Multiple wireless Tags can be interrogated by sending from an interrogating transmitter (e.g., a Reader) a code and having information transmitted by the Tag in response. This is commonly accomplished by having the Tag listen for an interrogation message and for it to respond with a unique serial number and/or other information. The Tags typically have limited power available for transmitting data wirelessly to the Reader. It is desirable to extend the range of wireless Tags so that it is not necessary to bring each Tag close to a Reader for reading.
Conventional RFID readers are typically designed to use one of three general approaches to transmit signals to and receive signals from one or more tag, including a single-channel homodyne technique, a two-antenna bi-static technique, and a technique to use a circulator device.
FIG. 4 shows one standard approach for an RFID reader to read a beam-powered tag in which a homodyne receiver is used. The term “homodyne receiver” refers to the fact that there is but a single channel for both the transmitted signal and the received signal and a direct down conversion of the data to baseband. This technique of a homodyne receiver is quite common and has the advantage of simplicity. It has the disadvantage of creating noise and lower sensitivity if it is not perfectly tuned. For example, the reader module 401 in FIG. 4 has an antenna 407 coupled to both a radio frequency (RF) source 403 and a receiver 405. Using the signal from the frequency source 403, the receiver 405 directly down converts the data received from the antenna 407.

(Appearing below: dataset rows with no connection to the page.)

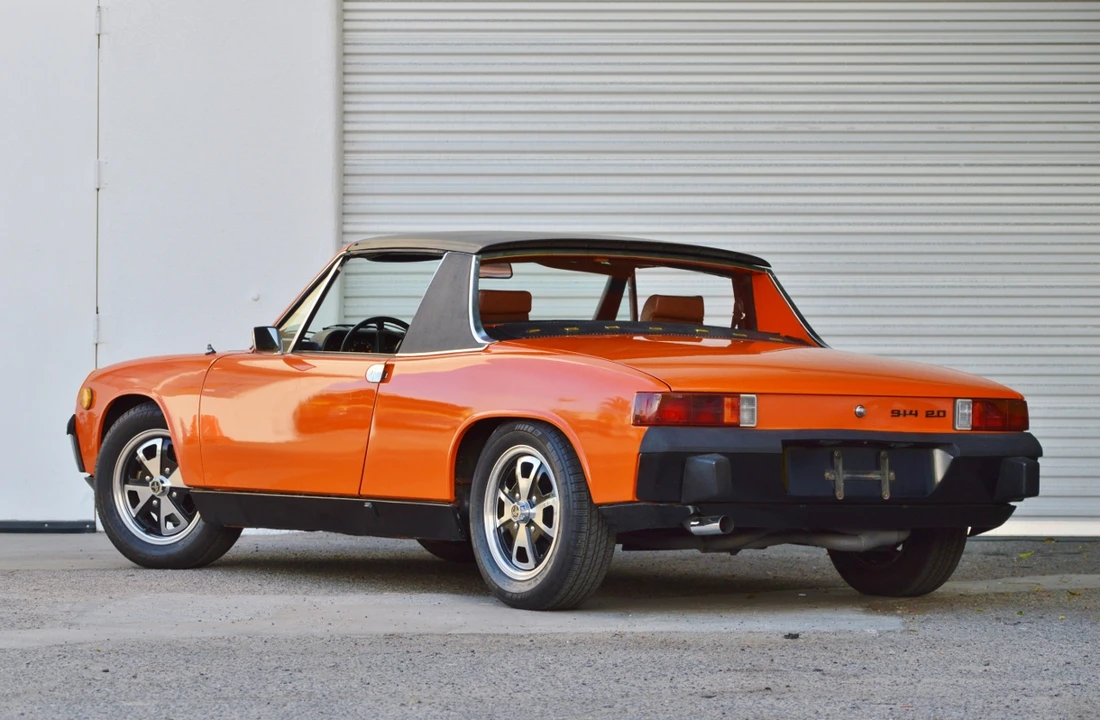 1974 Porsche 914/4 - Image 6 of 31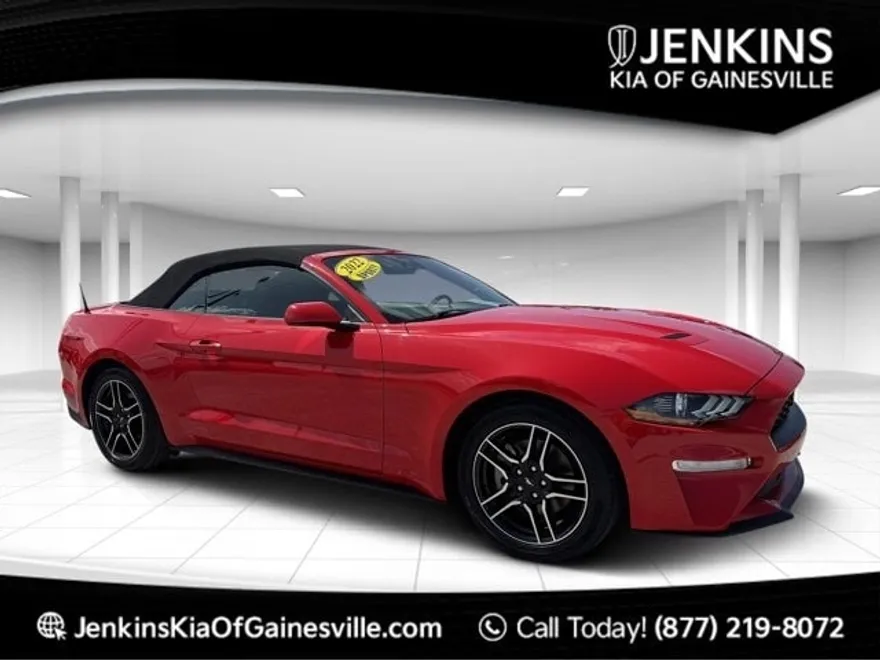 2023 Ford Mustang EcoBoost Premium Convertible photo 1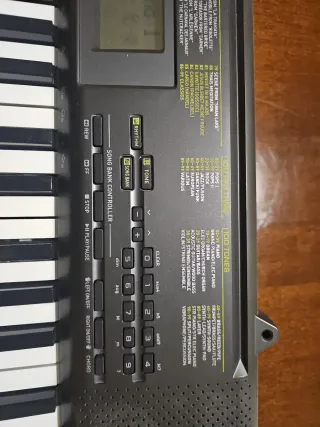 Teclado Casio CTK-1250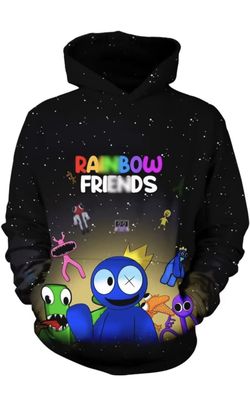 New Rainbow friends Hoodie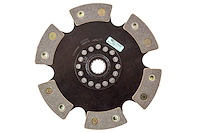 6-Pad Rigid Race Disc Transmission Clutch Friction Plate Fits Select GM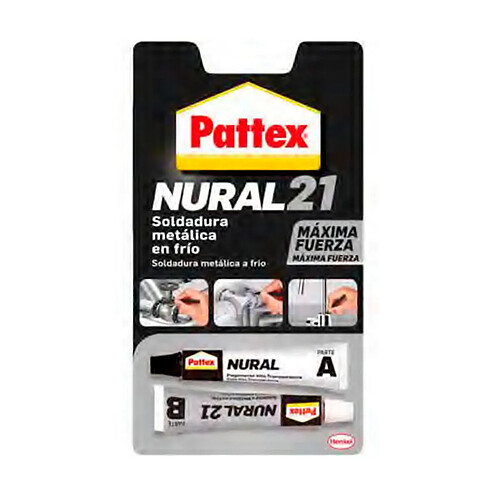 Pattex Nural 21 adhésif instantané - Gris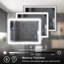 Miroir de salle de bain Nafiseh-1156209892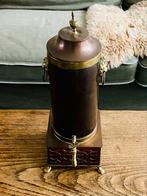 Antieke koperen koffiepot, Antiek en Kunst, Antiek | Koper en Brons, Koper, Ophalen
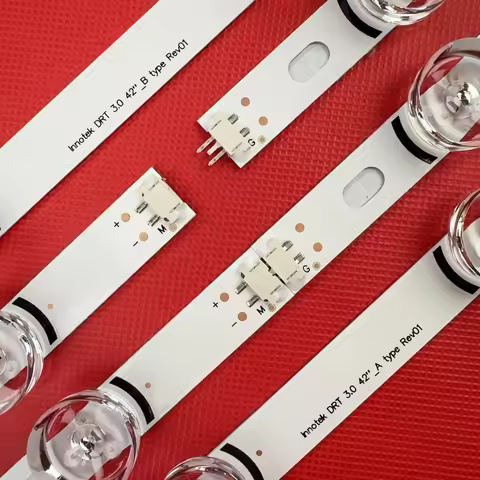 8/24PCS LED Strip for LG DRT 3.0 42 A/B 42LB5800 42LB5700 42LF5610 42LB5610 42LB550V innotek 42lb550
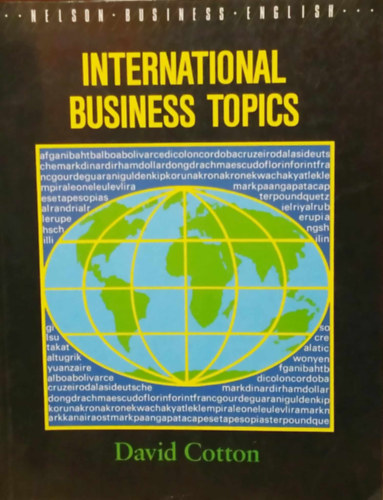 David Cotton - International Business Topics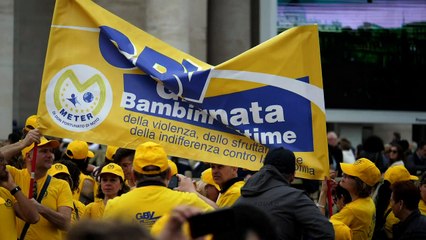 Associação católica pede 'tolerância zero' contra pedofilia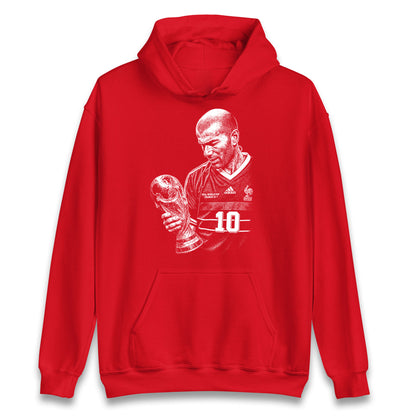 Zidane France Footballer Hoodie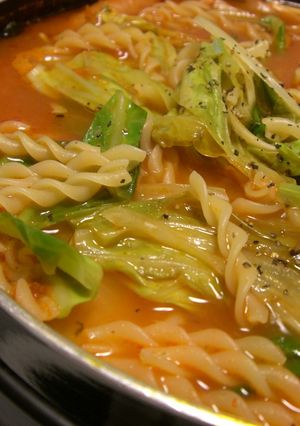 イタリアントマト鍋-レシピのメイン写真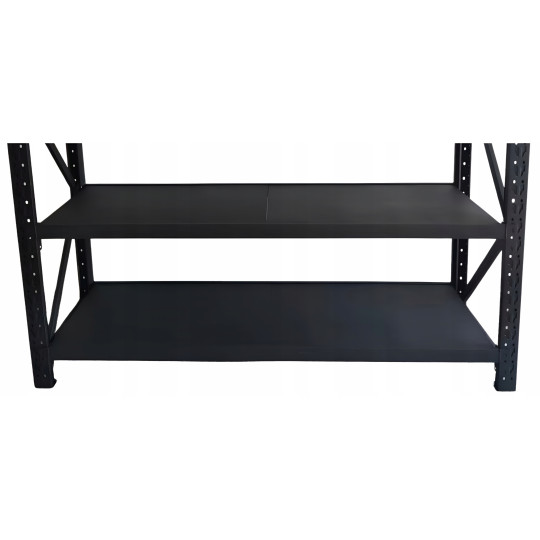 Raft metalic profesional RM03 – 4 rafturi, 200×200×60 cm, capacitate de încărcare 800 kg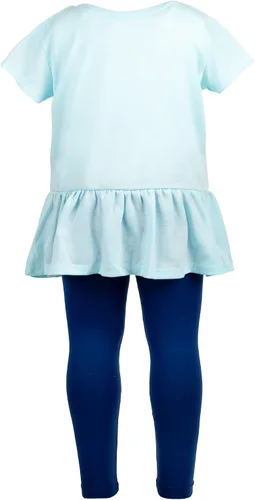 Vista 6 de Disney Conjunto de camiseta y leggings con estampado de volantes de Princess Moana
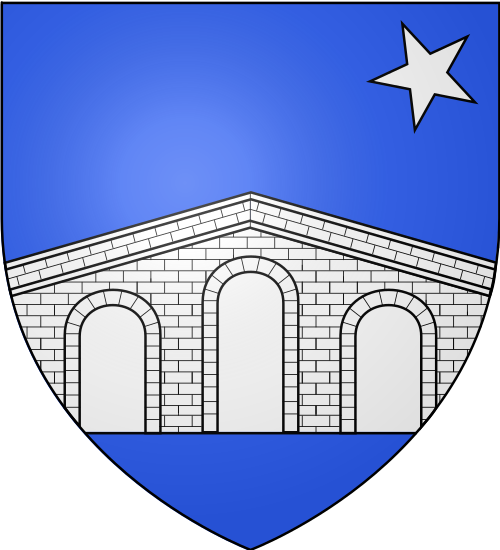 Blason de Pont-de-Poitte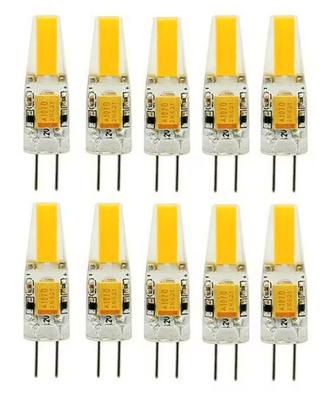 n.1 Lampadina  220V LED COB 6W  G4 Dimmerabile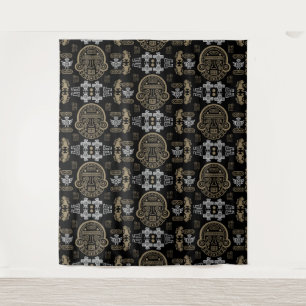 Gold inca Aztec Home Decor Tapestry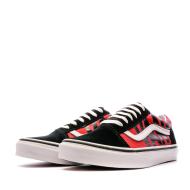 Baskets Rouges Enfant Vans Old Skool vue 6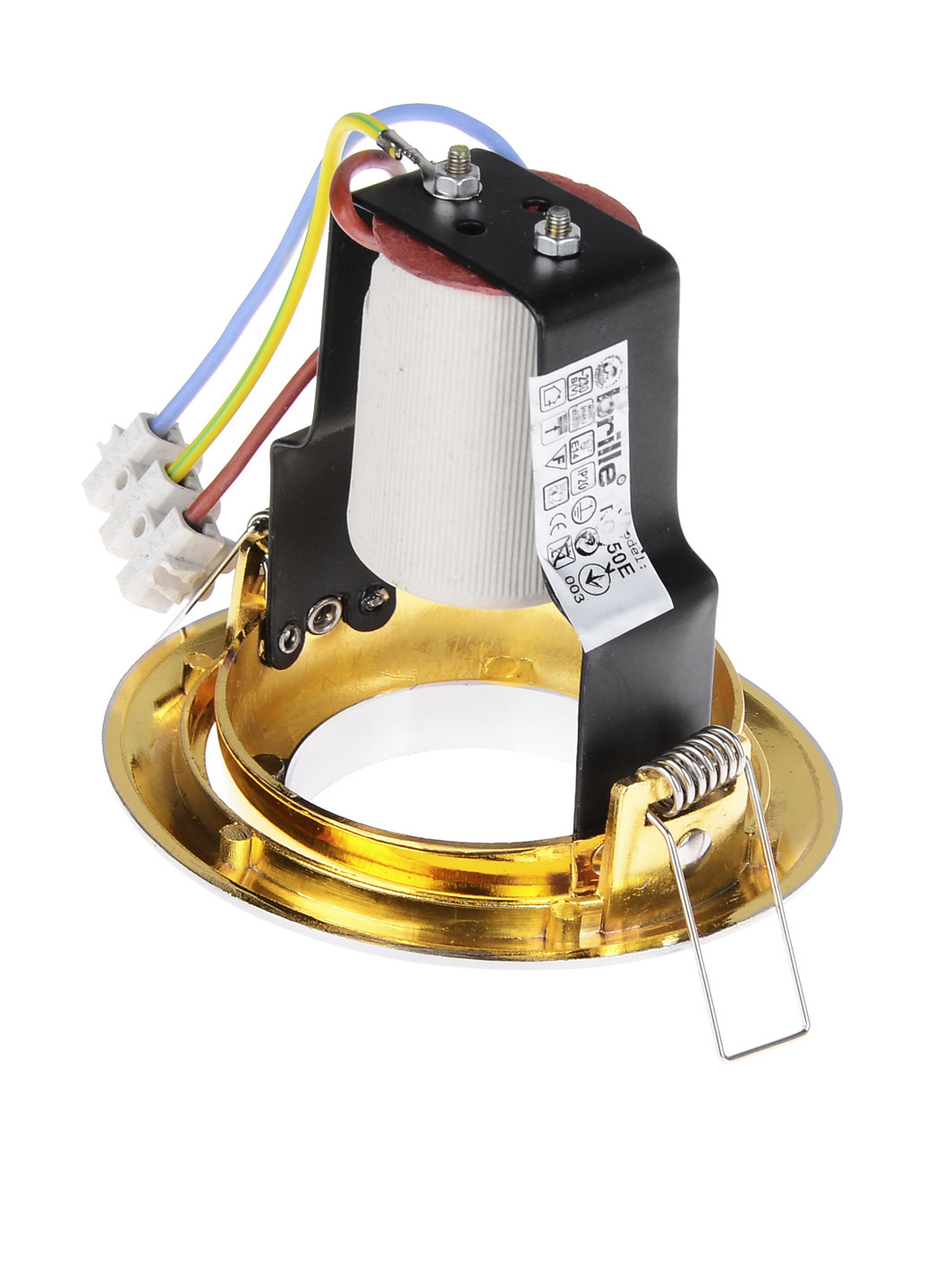 Светильник точечный, 95х35х85 мм Brille (129869982)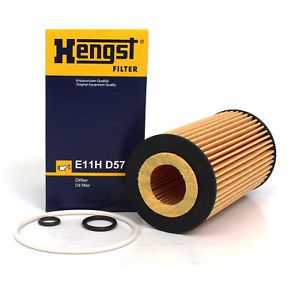 Lọc dầu Mercedes C-Class W202 W203 W204, E-Class W210 W211, Sprinter. Mã Mer: A6111800009. Mã Hengst: E11HD57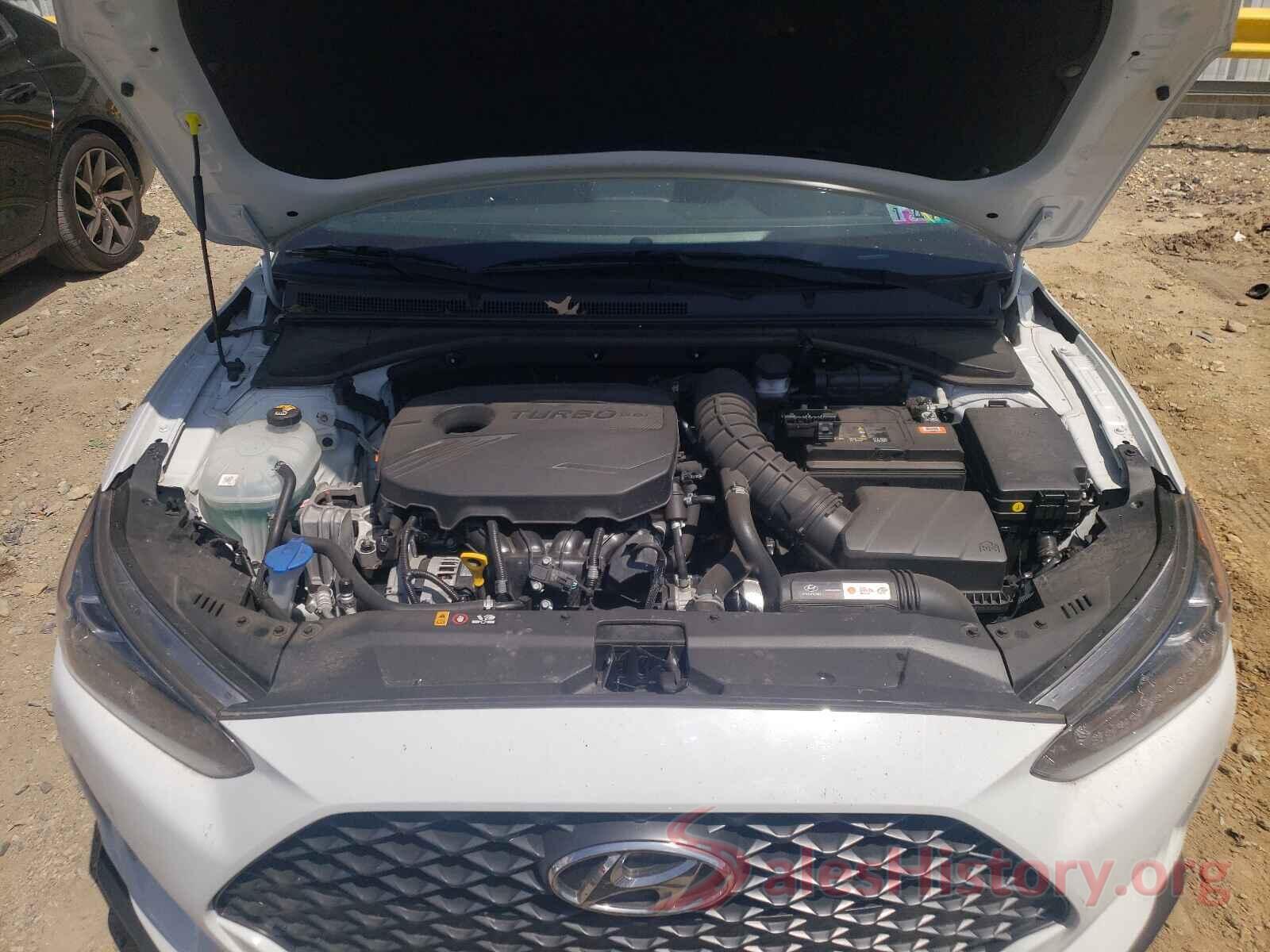 KMHTH6ABXKU014004 2019 HYUNDAI VELOSTER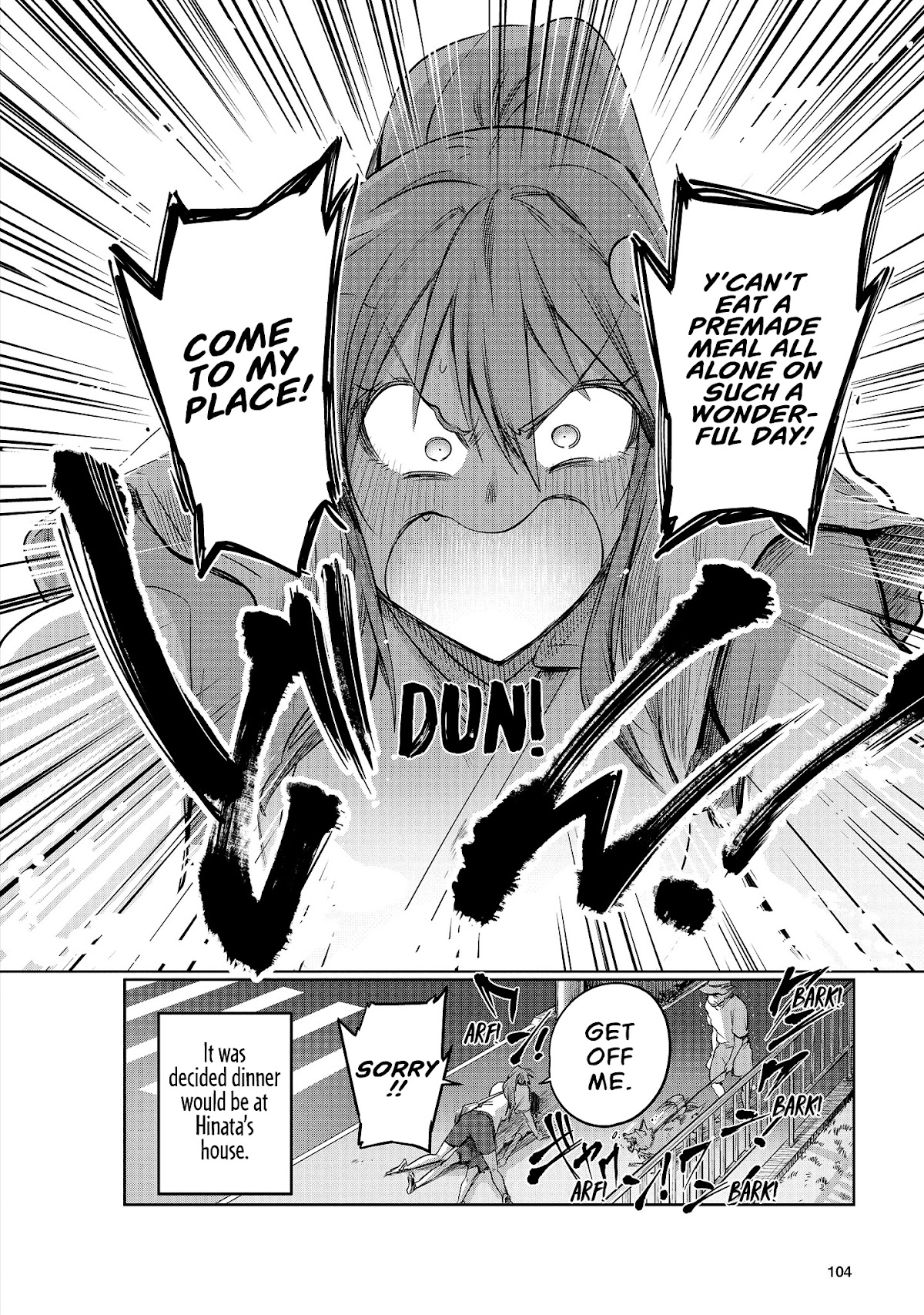 Hinata and Mikasa Chapter 8 page 13 - Chapter 8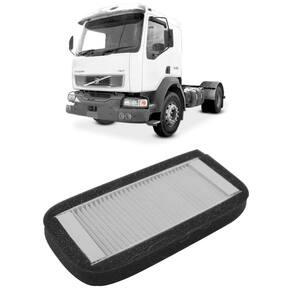 Filtro Cabine Ar Condicionado Volvo VM17 VM220 VM270 VM330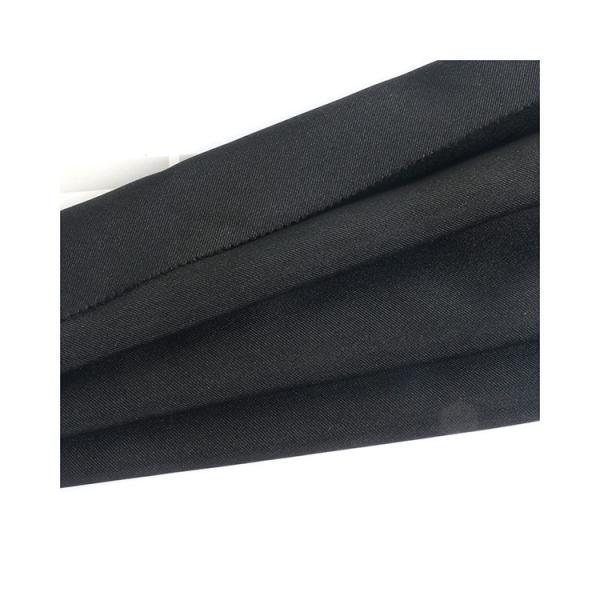 Chinese manufacturers 100% ocean-bound plastic bottles Recycled Polyester 150d2/2 Twill Gabardine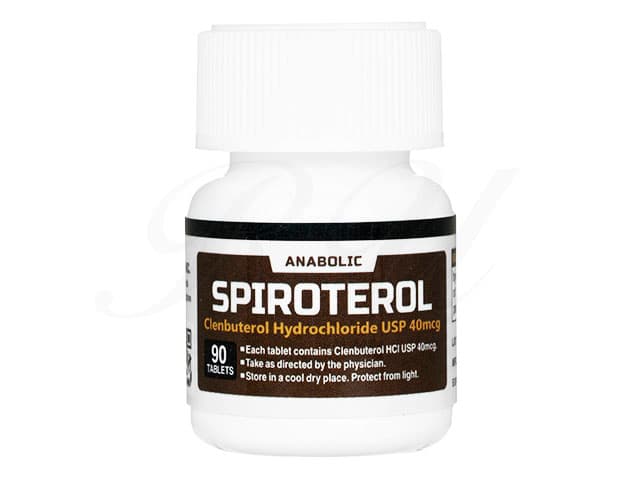 [スピロペントジェネリック]スピロテロール40mcg 【1本90錠】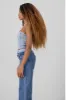 Top strapless denim sold by Shasa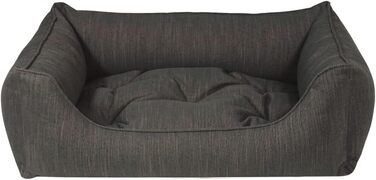 Лягушко для собак Eco Dog Erde, XL: знімний, зручний, міцний, для здоров'я суглобів, чорний, Made in Germany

FIG. 5 shows an approach of a bi-static design where a separate antenna is used for both transmit and receive. For example, a reader module 421 in FIG. 5 has a radio frequency source 423 coupled to its own antenna 427 to transmit signals and a receiver 425 coupled to its own antenna 429 to receive signals. This technique of bi-static design has at least two disadvantages. First, there is the added cost of two antennas instead of one. Since microwave antennas of some gain are expensive, the added cost of an additional antenna can be a major problem. Secondly, there is a requirement to have both antennas overlapping in pattern.
FIG. 6 shows a conventional technique to have a circulator in the reader to separate the incoming signal (to receive) from the outgoing signal (to transmit). A circulator couples the powers in a preferred direction so that the receiver retains backscatter information and the transmitter powers the tag. For example, the reader module 441 in FIG. 6 has a circulator 449 which couples power in a preferred direction, forward for transmit and power, and to the receiver for the receive or reflected portion. Power to the tag passes through to antenna 447 and received power from the tag is channeled toward the receiver block after being reflected by the tag. In FIG. 6, the circulator 449 couples port 2 to port 1 to transmit signals and couples port 2 to port 3 to receive signals. This approach also is quite common but has the disadvantage of requiring the circulator that is an expensive device.